NASM and 8-bit memory offset confusion

1.5k views Asked by At

From the Intel Software Developer Manual (referred to as ISDM in this post) and the x86 Instruction Set Reference (which, I assume, is just a copy of the former), we know that the mov instruction can move data from eax/ax/al to a memory offset and vice versa.

For example, mov moffs8, al moves the contents of the al register to some 8-bit memory offset moffs8.

Now, what is moffs8? Quoting the ISDM (3.1.1.3):

moffs8, moffs16, moffs32, moffs64 — A simple memory variable (memory offset) of type byte, word, or doubleword used by some variants of the MOV instruction. The actual address is given by a simple offset relative to the segment base. No ModR/M byte is used in the instruction. The number shown with moffs indicates its size, which is determined by the address-size attribute of the instruction.

I emphasised the sentences saying that moffs8 is of type byte and is 8 bits in size.

I'm a beginner in assembly, so, immediately after having read this, I started playing around with the mov moffs8, al instruction using NASM. Here's the code I've written:

; File name: mov_8_bit_al.s
USE32

section .text
    mov BYTE [data], al

section .bss
    data resb 2

This is what nasm -f bin mov_8_bit_al.s produced (in hex):

A2 08 00 00 00

Here's how I understand this:

  • A2 is the opcode for MOV moffs8, AL
  • 08 is the memory offset itself, of size 1 byte
  • 00 00 00 is some garbage

It looks like 08 00 00 00 is the memory offset, but in this case, it's a moffs32, not moffs8! So, the CPU will read only one byte while executing A2, and treat 00 as an ADD instruction or something else, which was not intended.

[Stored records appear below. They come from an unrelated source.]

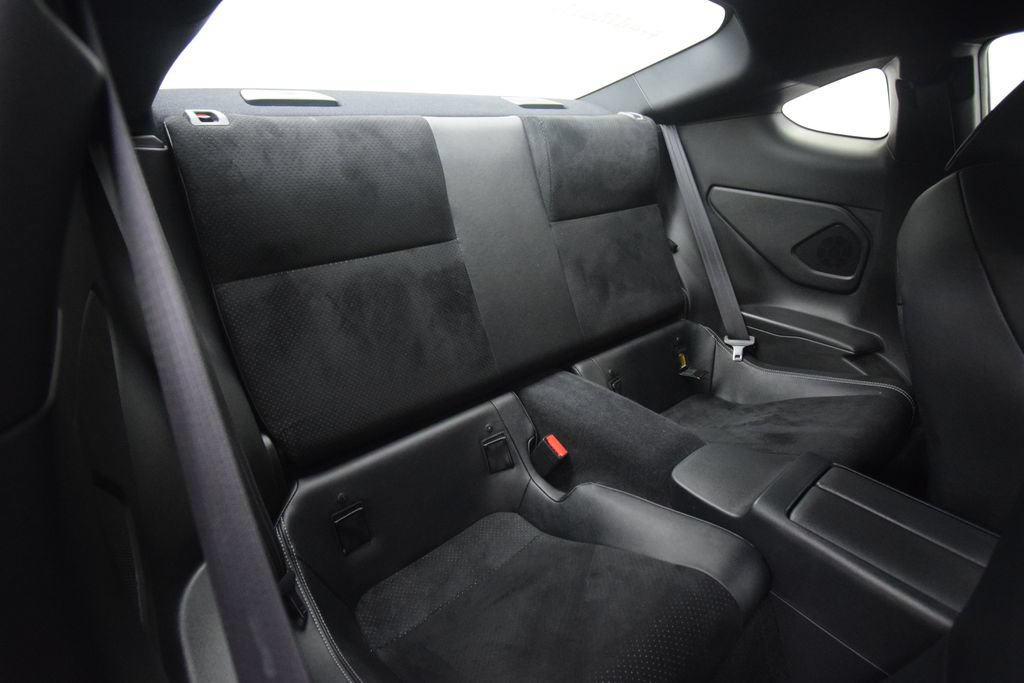 Used 2024 Toyota GR86 Premium RWD image 24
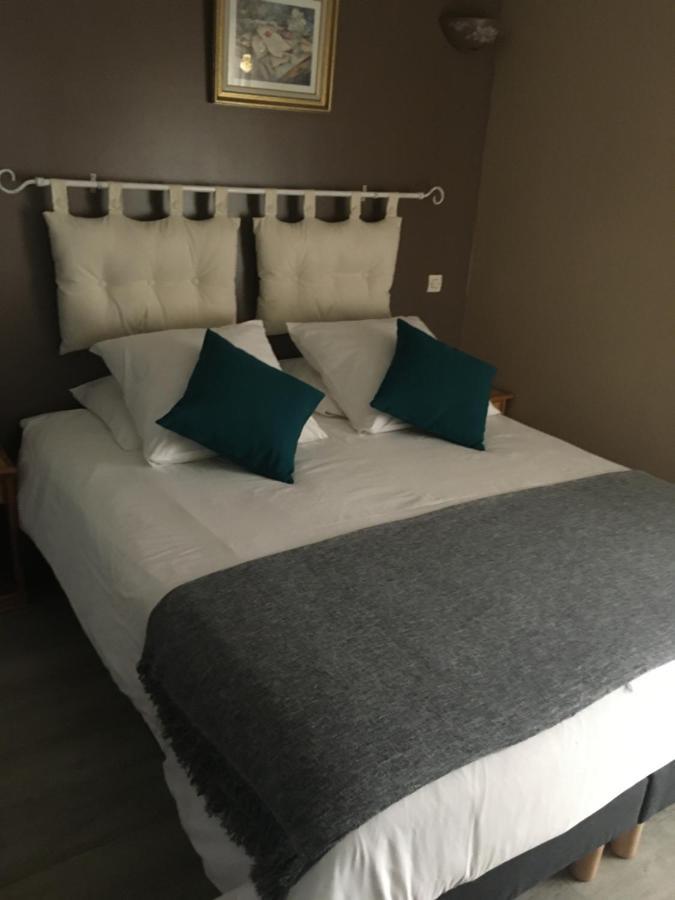 Hotel L'Un Des Sens Villefranche-de-Lonchat Zewnętrze zdjęcie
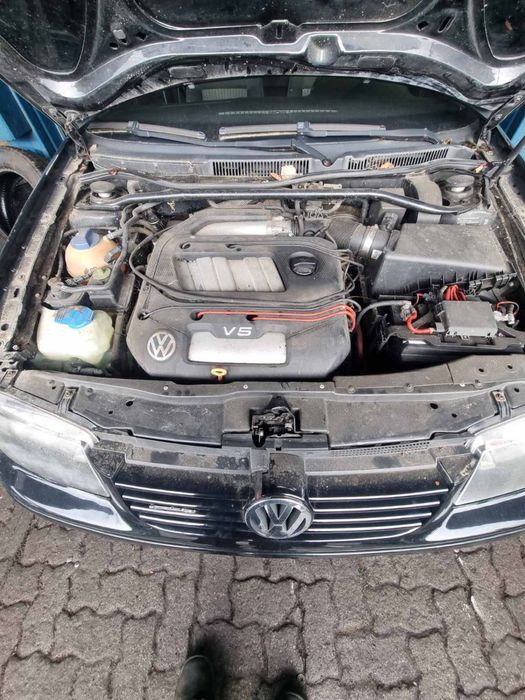 Розборка -Volksvagen bora 2.3 бензин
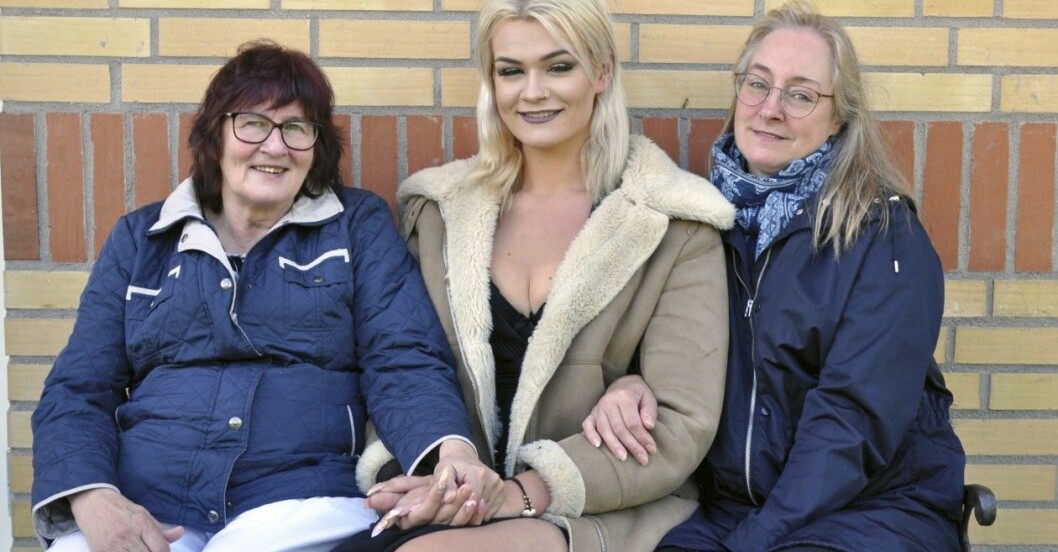 Mormor Katja och mamma Elise är stolta över Adriana.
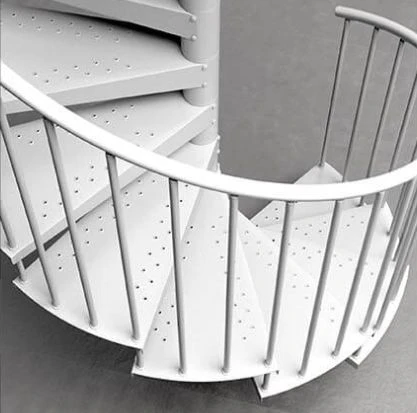 Escalera de caracol metálica blanca con peldaños perforados antideslizantes, ideal para interiores de estilo moderno o industrial.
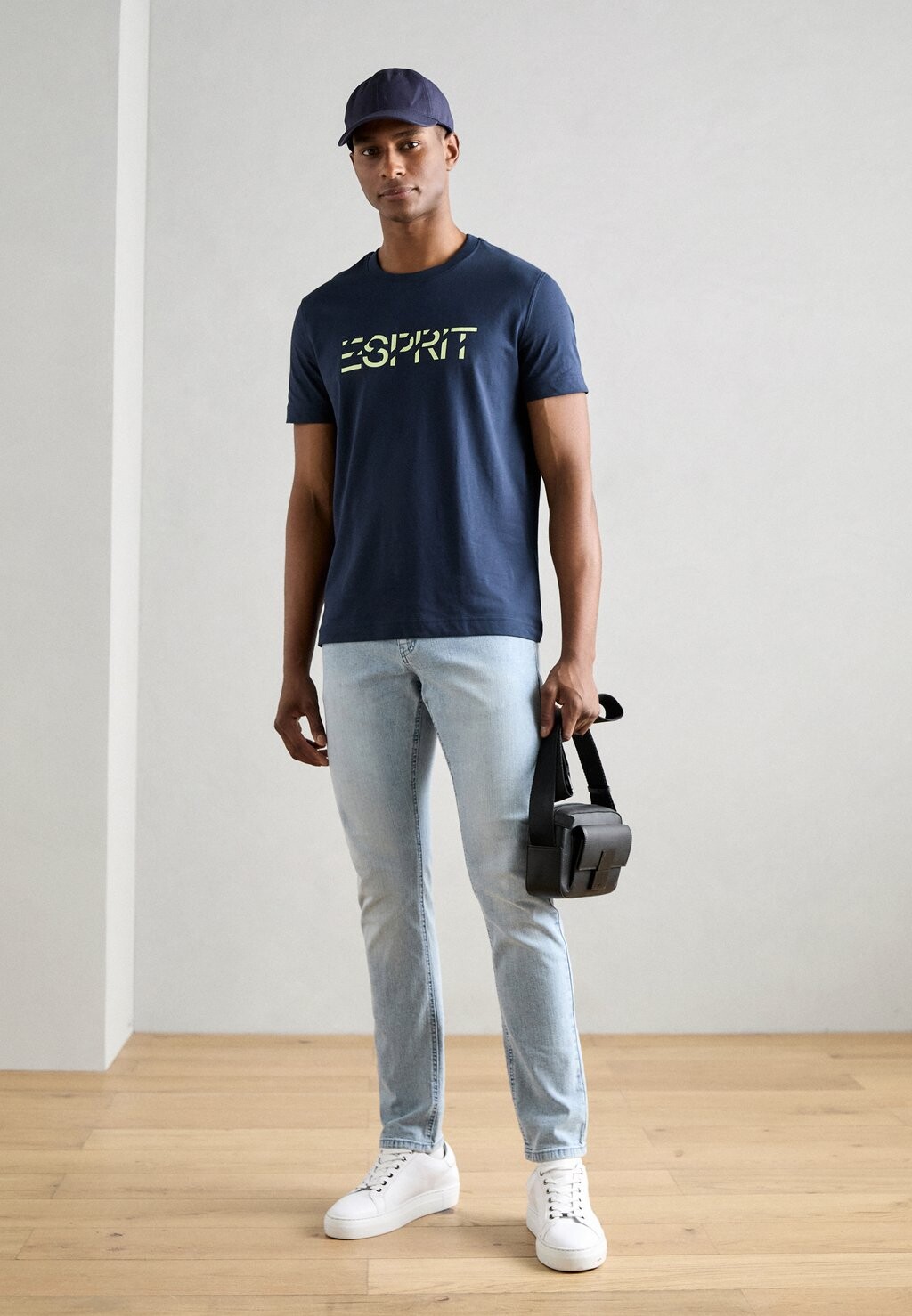 

Футболки с принтом TEE Esprit, темно-синий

At the moment, it seems to me that NASM is generating invalid byte code here, but I guess it's me who's misunderstood something... Maybe NASM doesn't follow IDSM? If so, its code wouldn't be executed properly on Intel CPUs, so it should be following it!

Can you please explain where I'm wrong?

1

There are 1 answers

4
harold On BEST ANSWER

The size suffix after moffs actually refers to the operand size, not the size of the address itself. This mirrors the meaning of the size suffix after r/m.

The manual actually says so in a note:

NOTES:
* The moffs8, moffs16, moffs32 and moffs64 operands specify a simple offset relative to the segment base, where 8, 16, 32 and 64 refer to the size of the data. The address-size attribute of the instruction determines the size of the offset, either 16, 32 or 64 bits.